Hydrocal, rebar, concrete, ash, shoe polish, charcoal, skim milk, flag.

This work reflects upon the histories of East Coast ‘ethnic whites’, the hyphenated-Americans, from the Palmer Raids to Punk Rock. The racist, classist, and anti-leftist drum beats that oppressed previous generations were muted or ignored in post-WWII America. While some still Howled against these forces there was optimism, narratives were forged directing us to look forward not back. The little Italian girl that walked out of a factory and started the infamous Bread and Roses strike had grandchildren that not only did not know she did this; they did not even know the strike happened in the city that they lived. 

Suburbs sprawled as trolley lines and old neighborhoods were razed to make way for the freeways that delivered the American Century. Hyphenated-Americans were now more comfortably white. But they were white with stains. They were cheap, they were drunks, they were criminals, they were stupid. You already know the associated hyphenations with these attributes as they are still perpetuated. With the suburbs also came increases in subsidized homeownership, subsidized college enrollment, and thus upward mobility. No one noticed that these subsidies were not readily available to African and Puerto Rican Americans as things were so great according to the television and advertisements. 
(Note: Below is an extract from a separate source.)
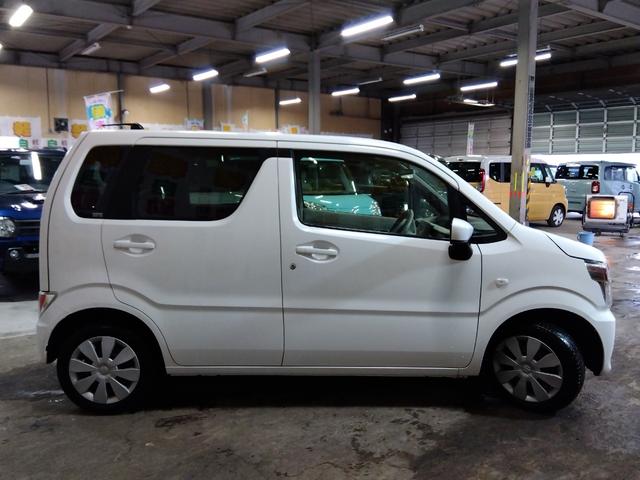 ワゴンＲ ＦＡ　４ＷＤ　シートヒーター　ＡＢＳ付き　横滑防止装置　キーレス付き　運転席エアバッグ　助手席エアバッグ　電動格納ミラー　禁煙車（7枚目）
There was prosperity, there was optimism. The rest of the industrialized world was in ruins after the great War but that did not matter because we were the best. The Silent Generation was drowned out by the Baby Boomers’ noise. Civil Rights were won. 

Then the cities burned. Tanks rolled through Newark. The Kennedys and King were assassinated. The war raged in Vietnam while shots were fired at Kent State. The most deadly carcinogens known to man were dumped in the Passaic River as a negative externality of the manufacture of Agent Orange. The Landrum-Griffin Act of 1959 would be followed by decades of more union busting. Nuclear apocalypse loomed large as school children were instructed to ‘Duck-and-Cover’. The war brought more heroin to our streets. The world saw pictures of the Holocaust.

That all happened. Then there was Punk Rock.